La chatte de Montaigne et les start up
15 juin 2014
Je participais cette semaine au forum Telcos & Digital des Echos, pour lequel PMP était nouveau partenaire cette année lors d'une table ronde sur " Quels modèles pour l'entreprise innovante et ouverte?".
J'étais bien entouré par Mari-Noëlle Jégo-Laveissière, toute nouvelle Directrice executive Innovation, Marketing et Technologies d'Orange, depuis mars 2014, et François Darchis, membre du Comex de Air Liquide, que j'avais déjà croisé lors de la présentation du livre de Navi Radjou sur Jugaad et l'innovation frugale ( il apporte d'ailleurs un témoignage sur Air Liquide dans la version française du livre).
Pour parler d'innovation ouverte, chacun évoque les démarches dans son entreprise pour travailler avec des gens différents, pour mixer des personnes d'horizons trés différents, tant de l'interne que de l'extérieur, et notamment avec des start-up. Mari-Noëlle Jégo-Lavessière nous parle du temps (c'était "avant") où l'on travaillait avec "des gens qui nous ressemblaient", pour mettre en avant un modèle idéal où " chacun apporte sa brique d'intelligence".
Cela évoque combien il n'est pas naturel de faire marcher la coopération entre personnes différentes, qui peuvent avoir du mal à se comprendre, à surmonter les différences culturelles. La culture d'un grand Groupe n'est pas exactement celle d'une start-up.
Cela m'évoque cette question de Montaigne rapportée dans ses Essais (c'est une question introduite tardivement par Montaigne à l'ouvrage), où il parle de sa relation avec sa chatte :
" Quand je me joue à ma chatte, qui sait si elle passe son temps de moi, plus que je ne fais d'elle".

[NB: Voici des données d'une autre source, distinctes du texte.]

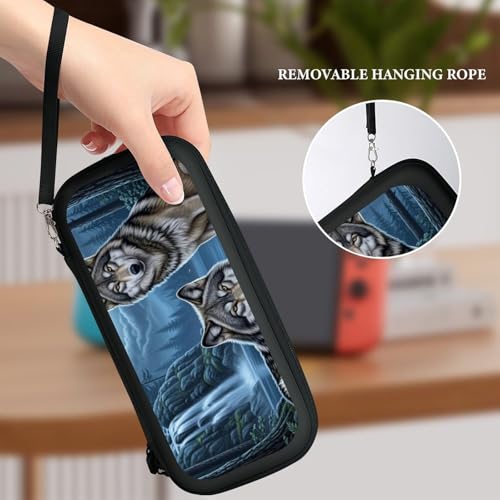 PPIKTC Carrying Case Compatible with Nintendo Switch, Travel Storage Holder Bag with 15 Game Cartridges, Moon Wolf Love - color: Design (211)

Et il ajoute, pour compléter le parralèle :
" Nous nous entretenons de nos singeries réciproques".
Montaigne nous dit ainsi, comme nous ignorons si c'est le chat qui joue avec nous, où nous qui jouons avec le chat, que nous ne pouvons pas comprendre ce qui se passe dans le coeur et l'esprit de ceux avec qui nous devons travailler. C'est d'ailleurs toute la philosophie de Montaigne : s'intéresser aux autres, dans l'empathie, car ne pas se comprendre complètement ne doit pas nous empêcher de nous engager pour faire quelque chose ensemble. Au lieu d'essayer de changer l'autre pour le plier à notre conception du monde, Montaigne nous encourage à seulement s'intéresser aux autres, tels qu'ils sont.
Réussir aujourd'hui cette philosophie de Montaigne, c'est nouer des relations de coopération et d'entraide entre personnes différentes. Pas si facile alors que les individualismes se développent, que les élites s'éloignent des autres. On a du mal à partager un destin commun, et à mobiliser cette "chatte de Montaigne" qui est cachée à l'intérieur de chacun de nous.
Cette apologie de la "coopération" pour mieux réussir "ensemble", c'est le sujet de l'ouvrage de Richard Sennett dont la traduction française est sortie cette année : "Ensemble, pour une éthique de la coopération" (à écouter ici).
L'ouvrage nous permet de découvrir de nombreuses expériences d'actions collectives, et de coopérations qui marchent. De quoi apprendre, pas seulement pour faire travailler les grands Groupes et les start-up pour innover, mais aussi pour faire mieux fonctionner les projets dans nos entreprises, et, pourquoi pas, notre société, y compris dans les sujets politiques.
Un rêve de chatte ? Avec l'envie de "singeries réciproques"?